Night after night, they don’t, and there I’ll sit,
Jean’s frock, or Andy’s overall to patch,
While Andrew reads aloud, of wheat and wool,
And ’Lizabeth listens. Nine o’clock at last!
I’ll light my candle, let out, full, the yawn
Kept in since daybreak, get to bed.—That’s all!
That’s my whole day.

To-morrow? Same old sorrow!
Cook, clean—the same tame humdrum...I forgot—
Churning’s thrown in—it’s Friday. Every Friday
These last four years....(Let’s see, I’d just left school
When ’Lisbeth sent for me....I’m eighteen now—
Yes! four whole years, except that trip to Aunt’s)
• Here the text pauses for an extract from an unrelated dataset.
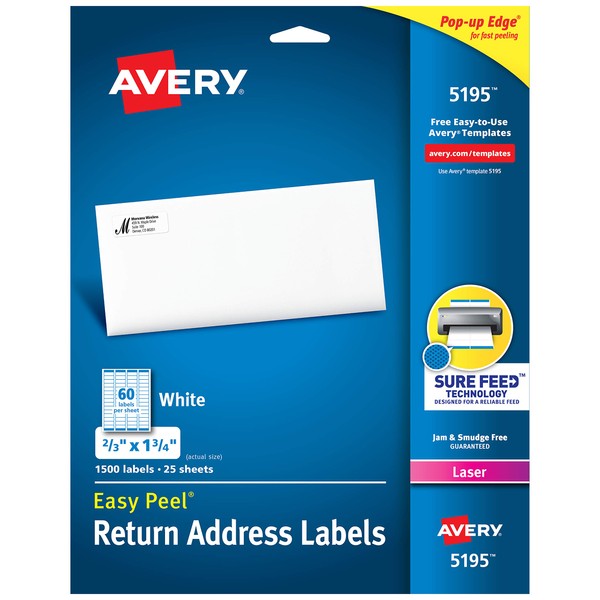 Avery Return Address Labels, Laser Printers, 1,500 Labels, 2/3 x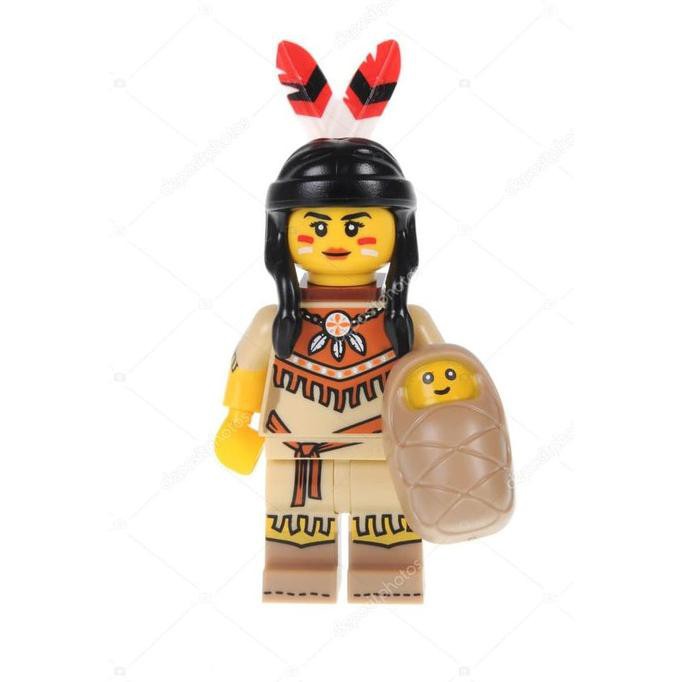 Mô Hình Lego Minifigures Series 15 Tribal Woman Có Khóa Kéo Không Có Nền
I’ve churn’d! I’ve wash’d on every possible house—
Iron’d each Tuesday, Wednesdays, clean’d the house,—
Oh! haven’t I done enough? And, when it’s done,
What does it all amount to? where’s it gone?
That is the worst of all! If one had slaved
Straight on at anything else that monstrous time,
I guess there would be something, at the end,
Done, and to show for it. But just look at me!
Four years....say seven-and-forty solid months,
Over a thousand days!....I’ve faithfully
Roasted and fried, made beds and bread-and-butter,
Scrubb’d, rubb’d, and all the rest—with what result?
What’s in the house this moment? Tumbled beds,
An empty larder, and a foot-mark’d floor!